I nuovi allevamenti realizzati con le più moderne tecnologie garantiscono un alimento sicuro nel rispetto della tradizione. Inoltre, abitudini e stili di vita sempre più sani stanno orientando il mercato verso cibi di qualità a scapito della quantità. In Bergamasca non sono soltanto il Branzi o il Taleggio a farla da padrone ma anche stracchini, erborinati, formaggelle a pasta molle, tutti rigorosamente di capra. Per non parlare della Roviöla della Valle Brembana realizzata con latte di capra Orobica, una specie protetta che tuttavia continua a mantenere viva una produzione autoctona di formaggi. Merito di una quarantina di allevatori di Valsassina, Valtellina e Bergamasca che da anni lavora alacremente per tutelare questa biodiversità alimentare di qualità che dal 2015 è presidio Slow Food. In generale i più gettonati, soprattutto da bambini e anziani, restano i classici caprini freschi al naturale. Le nuove tendenze in fatto di cibo spingono molto anche sugli aperitivi finger food a base di chèvre, magari aromatizzati con erbe, spezie, frutta secca e persino petali di fiori. Ecco qualche consiglio su come orientarsi tra le ormai numerose tipologie di caprini presenti sul mercato.

FRESCHI E COLORATI

Per attirare la clientela molti produttori puntano su formaggi aromatizzati, gradevoli all’occhio oltre che al palato. E così sempre più spesso nelle piccole botteghe sotto casa spunta qualche caprino variopinto, con colori che vanno dal rosso al verde, passando attraverso un più sobrio nero carbone.
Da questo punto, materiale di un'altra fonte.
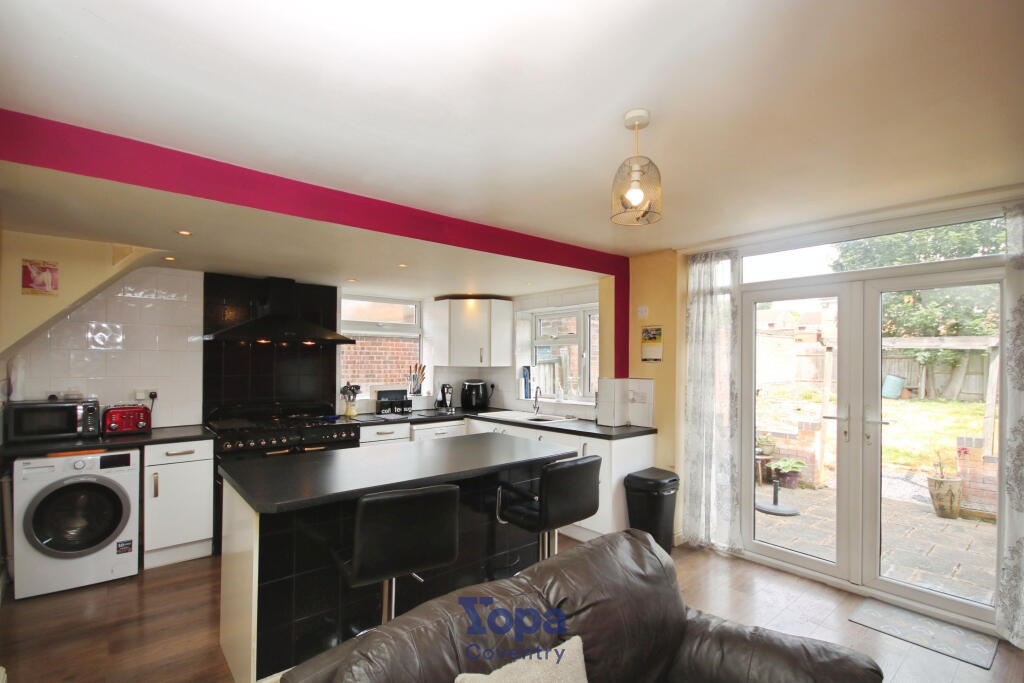 01ce1ea2-Kitchen 20Diner.JPG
Merito delle diverse spezie, dal peperoncino all’origano, con cui i produttori si dilettano a vestire i loro caprini freschi. Tra i più richiesti spiccano i finger food da aperitivo, gli aromatizzati con semi stagionati al carbone vegetale, oppure all’anice, alla paprika, allo zafferano o all’erba cipollina. «Il caprino è il più semplice da produrre – spiega Lorenzo Facchetti, cotitolare dell’azienda familiare Via Lattea di Brignano Gera d’Adda –, è un formaggio da spalmare sul pane, un companatico che molti accompagnano al prosciutto. Spesso però in passato era fatto con il latte di mucca. Nel boom economico era più comodo perché le mucche rendevano di più producendo una maggiore quantità di latte rispetto alla capra. Così, la produzione di formaggi caprini avveniva solo in aree altrimenti non sfruttabili. Solo quando gli allevatori di capre si sono resi conto che il mercato si era appropriato di un nome che non gli competeva si è cominciato a produrre veri e propri caprini con latte di capra».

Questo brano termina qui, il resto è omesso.